Gronross's group at Morrison Hershfield, the firm that authored the Building Envelope Thermal Bridging Guide (2020), analyzed the initial design with an eye toward Vancouver's performance-based path to code compliance and found ordinary insulation inadequate. “Linear transmittances like thermal bridging and point loads contribute to the majority of your loss,” he says. “It's not actually the window-wall values; it's these long horizontal ribbons that wrap around the building – balconies, eyebrows, and roof parapets – that pull down the insulation value. They create thermal bridges through the insulation on the exterior.” 

Mechanical engineering consultants MCW ran energy modeling for ASHRAE compliance. “It came back that the building wouldn't meet code,” Gronross reports. “When they tried to do the performance-based evaluation, the articulation of the building, the complexities, the large numbers of thermal bridges” all contributed to this result. ”So the prescriptive requirements from ASHRAE 90.1 – 2016 were the only option. The performance-based path to ASHRAE 90.1 didn't work.” 

Various details evolved for the prescriptive path, Gronross says. External stairs were altered, balconies were changed to roof decks, and structural thermal breaks were incorporated at balconies, concrete eyebrows and parapets. The contractor/developer evaluated several manufacturers of structural thermal breaks, using threshold structural values provided by Kor Structural, and chose Schöck Isokorb® thermal break solutions. Without them, he says, “the building would not have met code.”

The concrete-to-concrete structural thermal breaks transfer bending moments and shear forces via stainless steel upper tension bars and bent shear bars that pass through rigid foam insulation modules and tie into rebar of the balcony and interior slab. As stainless steel is approximately one-third as conductive as carbon steel rebar and rigid foam insulation is approximately 98% less conductive than concrete, the thermal breaks reduce heat loss at the penetration by up to 90%, according to the manufacturer.

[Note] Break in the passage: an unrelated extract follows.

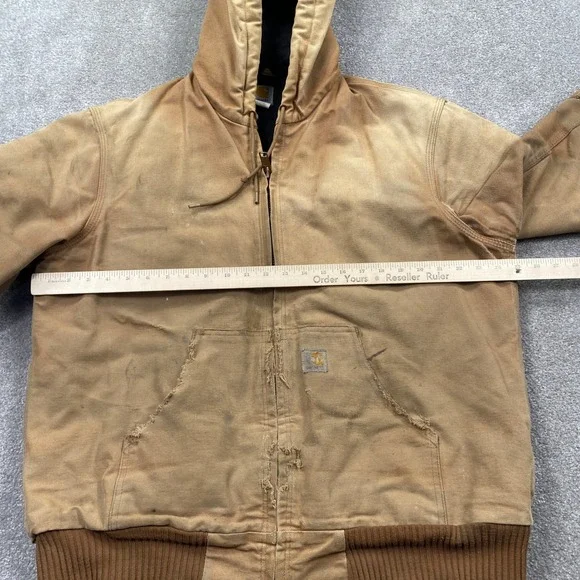 Carhartt Mens Tan Canvas Hooded Work Jacket Lined Full Zip Distressed Size M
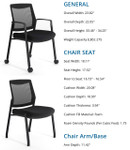  Office Source Duo 2-In-1 Mesh Guest Chair OSSN6009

Withstanding Seismic Events

“The structural engineers also needed to account for the Vancouver area's seismic risks. The region is near the Cascadia Subduction Zone, a fault line between the North America Plate and the Juan de Fuca Plate, with soil conditions conducive to “severe magnification of the ground shaking,” Markulin says. “We provided load characteristics to Schöck,” he continues, “and they provided thermal breaks designed for earthquake loads which transfer horizontal shear forces parallel to the insulation layer as well as uplift forces. They were installed in conjunction with the thermal breaks resisting gravitational forces.


Green from Top Down

Chelsea’s other environmental features include a ‘green’ roof and plantings to counteract heat-island effect, an efficient irrigation system, low-flow plumbing, local and low-emitting materials, high-efficiency appliances, proximity to transit, and charging stations for electric vehicles. High-performance window wall assemblies feature fibreglass frames clad in aluminum extrusions for durability and energy efficiency. 

Gronross finds that Vancouver's tough regulatory environment is worth bearing. “It creates good durable buildings from an efficiency standpoint,” he says. “With the use of heavily-insulated exterior walls, elimination of thermal bridging, and better-performing windows, you get better buildings with better interior conditions, which lead to a better life.”